But before we go to that passage of Scripture, I want to do two things. The first one is I just want to talk to some people that may be in the room, and here's who I'm talking to: There may be people in this room that are going through some of the most difficult times of their whole life right now. Maybe you walked in here, and you're like, “It took everything I had to come here. I feel like this wound in my life is still wide open and it's bleeding.”

Maybe you're here and you just need to be reminded that God is with you, that we love you here at Grace, that we're glad you're here, and we want to walk alongside you. I want to be sensitive to all of those things. So, I want you to know that this weekend. If that's you, we are so glad you're here. We want to walk alongside you. But I also want to get to the text and see what Paul would say to somebody who's going through suffering. What would he say to them? The second thing I want to do before we go to the text is just tell you a story. This is a story that I rarely have shared with anybody that I know, but it's a valley that my family and I are walking through and have been walking through for many years. I want to share the story with you to help you see that God has worked in me to change my perspective on a really, really challenging situation.

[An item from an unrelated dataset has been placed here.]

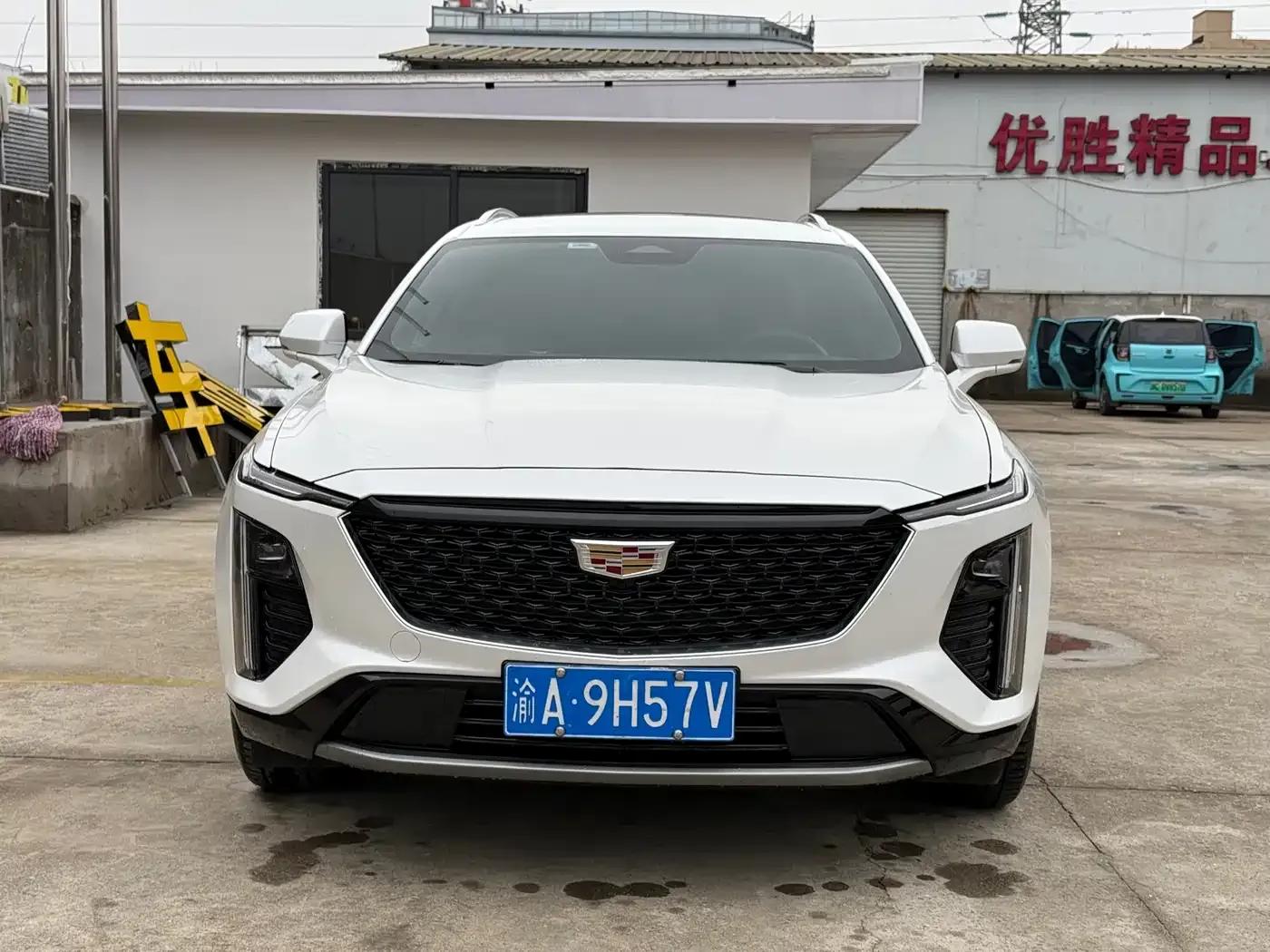 2023 Cadillac GT4 25T Luxury — миниатюра 2
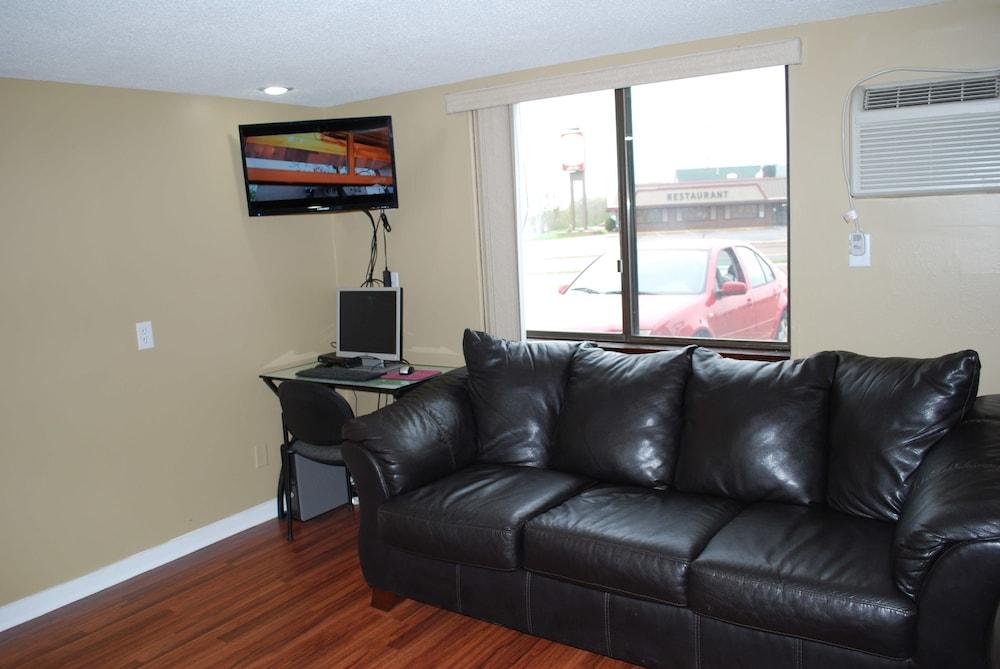 Super 8 By Wyndham Eau Claire Wi Hotel Bagian luar foto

So, here's the story. I've got multiple older siblings, and one of my brothers-in-law — I can't tell you his name because of the sensitivity of the story, but let's call him Joe. So, if your name is Joe, I’m not picking on you. Joe just seemed to make sense. So, let's call him Joe. Joe is a rockstar Christian. Everything about the guy is everything I think a Christian should be, stand for, and believe. It's a guy who loves God and loves his family. I've literally watched him take a whole family into his house, feed them, clothe them, and house them. He had no idea, in the midst of that, financially, how he would make that happen. He just trusted God and said, “I’ve got to do this,” and God provided. It was amazing. I've watched him give the shirt off his back, literally, to somebody in need because he said, “This is what we do. I'm a Christian. I follow Jesus.”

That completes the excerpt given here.